(ma.po.) Il mattino ha l’oro in bocca? La risposta è sì, se guardiamo il medagliere e la sveglia del fenomeno Katie Ledecky puntata sulle 3.45 due volte alla settimana, oppure quella dell’altra bimba da record della rana Ruta Meilutyte, che suona alle 5. Secondo Dirk Lange, il tecnico tedesco del campione olimpico dei 100 rana Cameron Van den Burgh, è più una questione di testa che di fisico: «Quando è con me si allena dalle 7 alle 9, in Sud Africa dalle 8 alle 10 perché la piscina non apre prima. E’ importante lavorare presto al mattino perché ci si abitua ai ritmi delle gare importanti. Ma serve soprattutto a formare il carattere».
Mentalità
In casa Italia l’ultima è stata Federica Pellegrini dell’era Lucas.
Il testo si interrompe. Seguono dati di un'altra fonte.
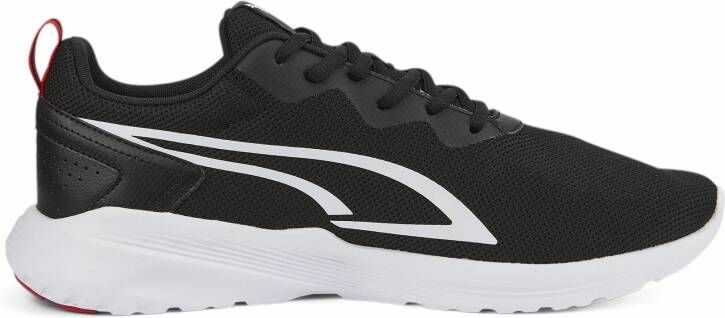 Puma Sneakers laag 'All Day Active'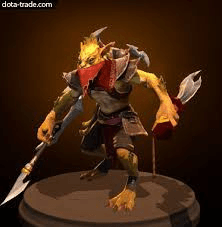 The Master Assassin Set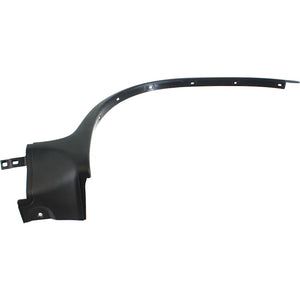 Front Passenger Side Fender Flare image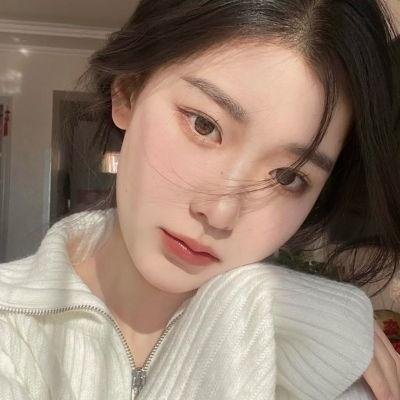 性爱大师第四季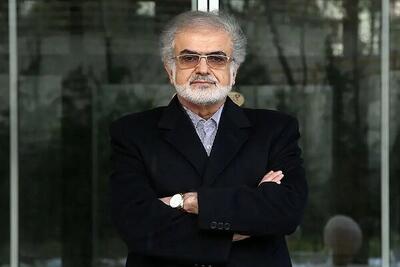 اسرائیل برای جهان بحران‌ساز است/ همه می‌دانند که حمله به ایران با چراغ سبز ترامپ بود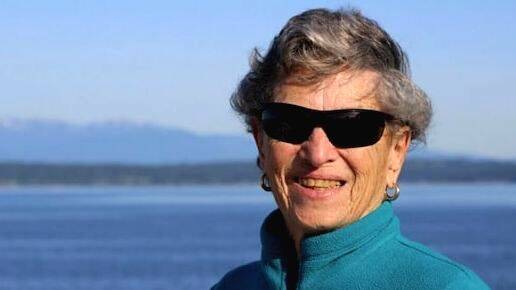 -woman-walks- -woman-walks-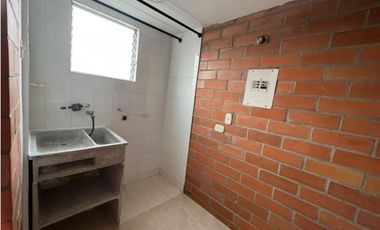 ARRIENDO APARTAMENTO EN URAPANES VILLAMARA | ARRIENDOS VILLAMARA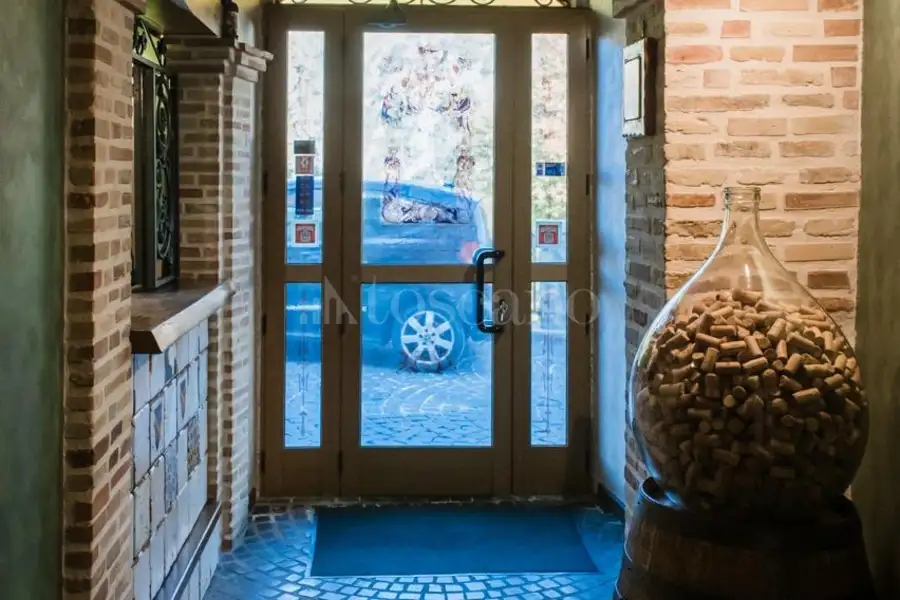 Attività Commerciale in vendita di 150 mq a €450.000 (rif. 117/2025)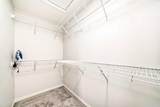 305 Edith Road - Photo 27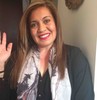 Maritza Mora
Quando si è allenata a Parigi prima dei Mondiali di Shanghai, la sveglia suonava alle 5 per l’allenamento mattutino dalle 6 alle 8.30 che è un classico del metodo del tecnico francese. «Fortifica — è convinto Luca Sacchi — serve per l’attitudine mentale. Ma a me non piaceva per niente e in Italia non si è mai usato molto». Osserva Stefano Morini, tecnico di Gregorio Paltrinieri e Gabriele Detti: «Da noi non si usa perché c’è la scuola. E in più i nostri ragazzi sono più contenti quando li fai nuotare in orari più umani. Non è utile tanto in sé, serve a costruire e rafforzare la mentalità. Per rispettare gli orari, le regole, per non uscire la sera. Esempio: i nuotatori anglosassoni escono solo al sabato sera perché la domenica non si nuota».
Vantaggi
«Il mio allenamento del mattino comincia alle 9, solo a 19 anni dopo il diploma ho cominciato con il doppio» dice Marco Orsi, protagonista nella staffetta 4×100 e ora impegnato nei 50 sl e probabilmente nella mista. «Io in piscina comincio alle 10 — dice Luca Dotto — prima faccio palestra. Chi si alza a quelle ore sarà anche campione, ma non ha una vita». Spiega Fabrizio Bastelli, allenatore di Ilaria Bianchi: «E’ tradizione dell’area anglosassone allenarsi così presto, da loro chi fa sport è in un sistema che funziona, vai a scuola e ti alleni». Il tecnico ungherese di Scozzoli, Tamas Gyertyanffy, è convinto: «Non ci sono vantaggi fisiologici nell’allenarsi così presto, è solo una questione di organizzazione». Chiosa Andrea Di Nino, allenatore del gruppo internazionale con Govorov e Khorotishkin: «Un conto è abituare il bioritmo agli orari di gara, ma allenarsi troppo presto è più a rischio infortuni, perché il corpo non è pronto a certi sforzi. Meilutyte e Ledecky vincono perché sono talenti». Dalla testa in giù.